In connection with the annual report of Anterix Inc. (the “Company”) on Form 10-K for the period ended March 31, 2020 as filed
with the Securities and Exchange Commission on the date hereof (the “Report”), we, Morgan E. O’Brien, Chief Executive Officer of the
Company, and Timothy A. Gray, Chief Financial Officer of the Company, certify, pursuant to 18 U.S.C. Section 1350, as adopted
pursuant to Section 906 of the Sarbanes-Oxley Act of 2002, that:

(1) The Report fully complies with the requirements of Section 13(a) or 15(d), as applicable of the Securities Exchange Act of

1934, as amended; and

(2) The information contained in the Report fairly presents, in all material respects, the financial condition and results of operations

of the Company.

Dated: May 28, 2020

Dated: May 28, 2020

  /s/ Morgan E. O’Brien
  Morgan E. O’Brien
  Chief Executive Officer
  (Principal Executive Officer)

  /s/ Timothy A. Gray
  Timothy A. Gray

Chief Financial Officer
(Principal Financial and Accounting Officer)

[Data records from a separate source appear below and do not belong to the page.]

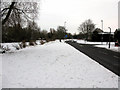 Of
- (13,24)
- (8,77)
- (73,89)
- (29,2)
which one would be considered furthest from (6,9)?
(73,89)

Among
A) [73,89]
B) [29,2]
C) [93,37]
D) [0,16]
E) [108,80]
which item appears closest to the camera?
[73,89]

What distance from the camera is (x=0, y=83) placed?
188 inches

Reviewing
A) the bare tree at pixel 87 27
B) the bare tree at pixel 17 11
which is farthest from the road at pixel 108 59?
the bare tree at pixel 87 27

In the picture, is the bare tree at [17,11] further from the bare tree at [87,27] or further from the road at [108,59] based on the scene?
the bare tree at [87,27]

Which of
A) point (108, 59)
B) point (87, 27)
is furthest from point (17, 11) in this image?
point (87, 27)

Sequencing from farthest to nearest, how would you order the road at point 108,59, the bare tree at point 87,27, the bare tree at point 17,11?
1. the bare tree at point 87,27
2. the bare tree at point 17,11
3. the road at point 108,59

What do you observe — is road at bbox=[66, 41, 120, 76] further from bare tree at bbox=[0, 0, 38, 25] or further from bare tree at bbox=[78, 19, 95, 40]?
bare tree at bbox=[78, 19, 95, 40]

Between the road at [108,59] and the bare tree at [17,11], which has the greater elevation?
the bare tree at [17,11]

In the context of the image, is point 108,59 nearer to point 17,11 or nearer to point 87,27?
point 17,11

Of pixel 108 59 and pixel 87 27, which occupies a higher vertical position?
pixel 87 27

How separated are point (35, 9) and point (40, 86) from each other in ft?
43.7

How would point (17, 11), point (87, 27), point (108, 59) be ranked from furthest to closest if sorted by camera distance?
point (87, 27) → point (17, 11) → point (108, 59)

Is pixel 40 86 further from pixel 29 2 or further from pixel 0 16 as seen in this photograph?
pixel 29 2

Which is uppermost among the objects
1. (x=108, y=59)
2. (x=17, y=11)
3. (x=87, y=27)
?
(x=87, y=27) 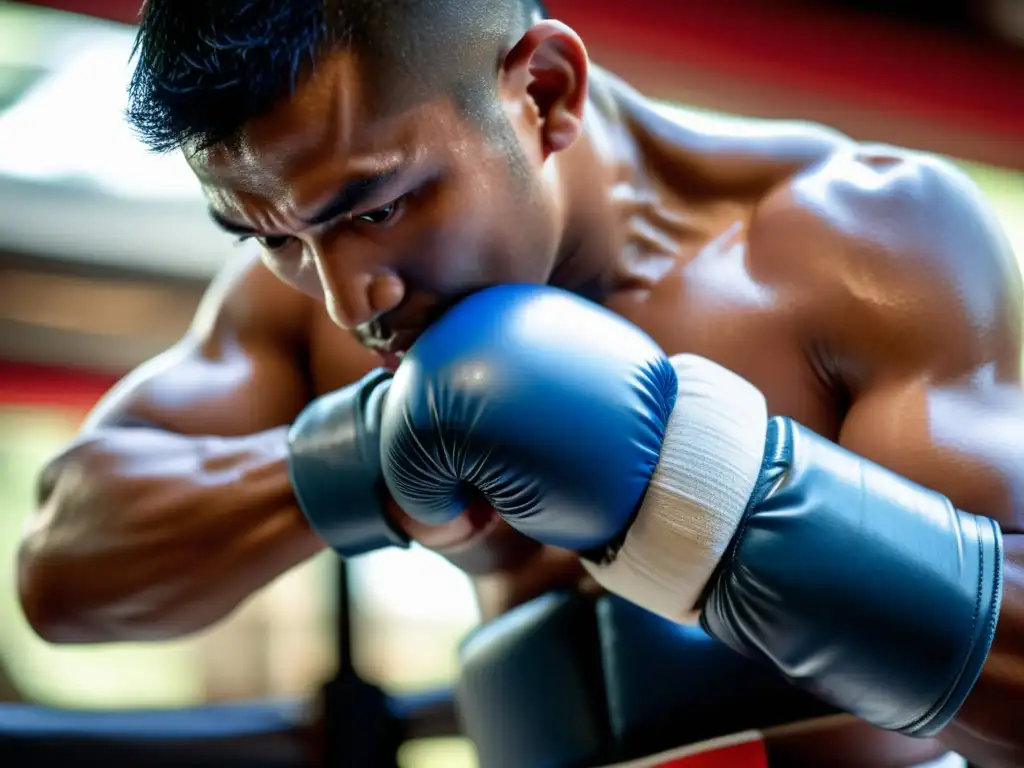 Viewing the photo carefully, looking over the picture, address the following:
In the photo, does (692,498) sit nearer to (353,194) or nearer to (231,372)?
(353,194)

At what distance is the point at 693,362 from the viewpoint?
885mm

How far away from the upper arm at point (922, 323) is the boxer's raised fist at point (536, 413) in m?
0.24

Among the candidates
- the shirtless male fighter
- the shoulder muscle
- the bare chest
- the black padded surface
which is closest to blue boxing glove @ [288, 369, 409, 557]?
the shirtless male fighter

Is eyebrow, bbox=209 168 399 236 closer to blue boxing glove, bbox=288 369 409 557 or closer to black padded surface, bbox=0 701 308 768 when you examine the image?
blue boxing glove, bbox=288 369 409 557

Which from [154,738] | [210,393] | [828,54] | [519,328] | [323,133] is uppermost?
[323,133]

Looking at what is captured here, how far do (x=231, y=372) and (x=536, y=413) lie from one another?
23.4 inches

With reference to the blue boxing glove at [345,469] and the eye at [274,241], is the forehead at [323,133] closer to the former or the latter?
the eye at [274,241]

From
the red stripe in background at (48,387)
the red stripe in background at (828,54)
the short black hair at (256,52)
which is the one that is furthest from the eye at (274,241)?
the red stripe in background at (48,387)

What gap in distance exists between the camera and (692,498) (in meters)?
0.78

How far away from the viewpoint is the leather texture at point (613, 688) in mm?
978

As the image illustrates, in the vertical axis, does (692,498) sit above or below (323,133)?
below

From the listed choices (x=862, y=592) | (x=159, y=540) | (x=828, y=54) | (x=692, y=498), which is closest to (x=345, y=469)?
(x=159, y=540)

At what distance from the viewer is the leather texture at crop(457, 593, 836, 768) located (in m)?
0.98

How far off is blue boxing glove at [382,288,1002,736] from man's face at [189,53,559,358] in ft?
0.26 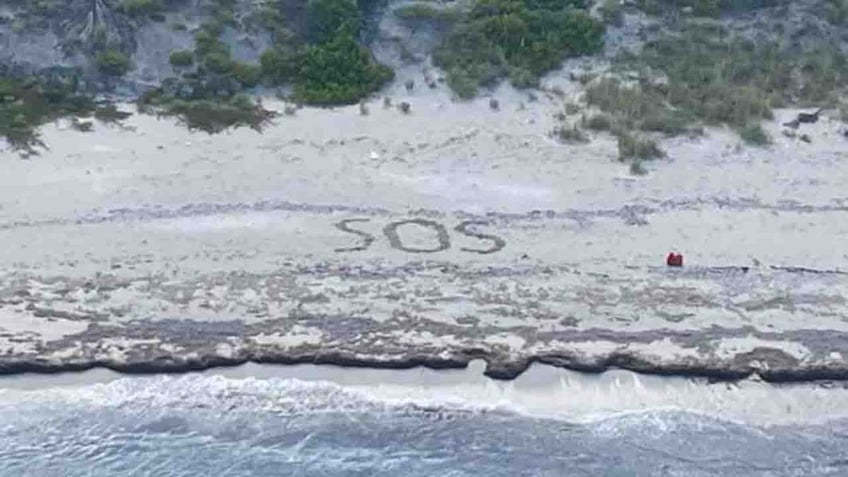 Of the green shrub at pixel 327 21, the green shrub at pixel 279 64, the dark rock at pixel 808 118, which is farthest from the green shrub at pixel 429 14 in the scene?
the dark rock at pixel 808 118

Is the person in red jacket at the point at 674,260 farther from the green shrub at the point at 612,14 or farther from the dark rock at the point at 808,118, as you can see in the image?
the green shrub at the point at 612,14

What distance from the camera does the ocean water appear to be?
55.6 ft

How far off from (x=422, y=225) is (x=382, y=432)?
17.5 ft

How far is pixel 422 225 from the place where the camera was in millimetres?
21969

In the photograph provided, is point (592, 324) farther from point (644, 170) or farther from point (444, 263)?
point (644, 170)

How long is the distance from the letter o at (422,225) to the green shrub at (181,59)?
310 inches

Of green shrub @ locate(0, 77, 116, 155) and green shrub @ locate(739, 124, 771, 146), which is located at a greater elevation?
green shrub @ locate(0, 77, 116, 155)

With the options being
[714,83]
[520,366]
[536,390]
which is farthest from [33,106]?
[714,83]

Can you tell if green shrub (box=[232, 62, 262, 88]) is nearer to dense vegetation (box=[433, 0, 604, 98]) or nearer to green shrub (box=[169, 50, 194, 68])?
green shrub (box=[169, 50, 194, 68])

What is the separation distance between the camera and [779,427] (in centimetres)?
1777

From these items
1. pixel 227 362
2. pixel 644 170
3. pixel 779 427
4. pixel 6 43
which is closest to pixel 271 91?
pixel 6 43

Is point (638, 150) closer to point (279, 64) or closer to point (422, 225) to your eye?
point (422, 225)

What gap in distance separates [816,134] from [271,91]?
11.4 meters

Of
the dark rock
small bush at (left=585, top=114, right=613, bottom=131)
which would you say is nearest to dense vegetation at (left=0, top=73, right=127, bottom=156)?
small bush at (left=585, top=114, right=613, bottom=131) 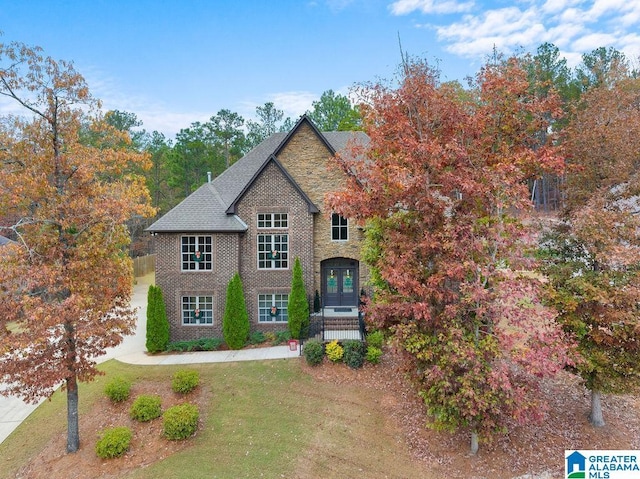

A signed original of this written statement required by Section 906 has been provided to Anterix Inc. and will be retained by

Anterix Inc. and furnished to the Securities and Exchange Commission or its staff upon request.

This certification accompanies the Form 10-K to which it relates, is not deemed filed with the Securities and Exchange
Commission, and is not to be incorporated by reference into any filing of Anterix Inc. under the Securities Act of 1933, as amended, or
the Securities Exchange Act of 1934, as amended (whether made before or after the date of the Form 10-K), irrespective of any general
incorporation language contained in such filing.